**Instructions for the task**
Find "Trandafiri planse de colorat" in the data below; transcribe the line it appears on and each line after it, exactly, to the end, and nothing else.

(Supplied data begins)

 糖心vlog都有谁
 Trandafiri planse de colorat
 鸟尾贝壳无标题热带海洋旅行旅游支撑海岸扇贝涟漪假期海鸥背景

(Supplied data ends)

**Solved exercise**
 Trandafiri planse de colorat
 鸟尾贝壳无标题热带海洋旅行旅游支撑海岸扇贝涟漪假期海鸥背景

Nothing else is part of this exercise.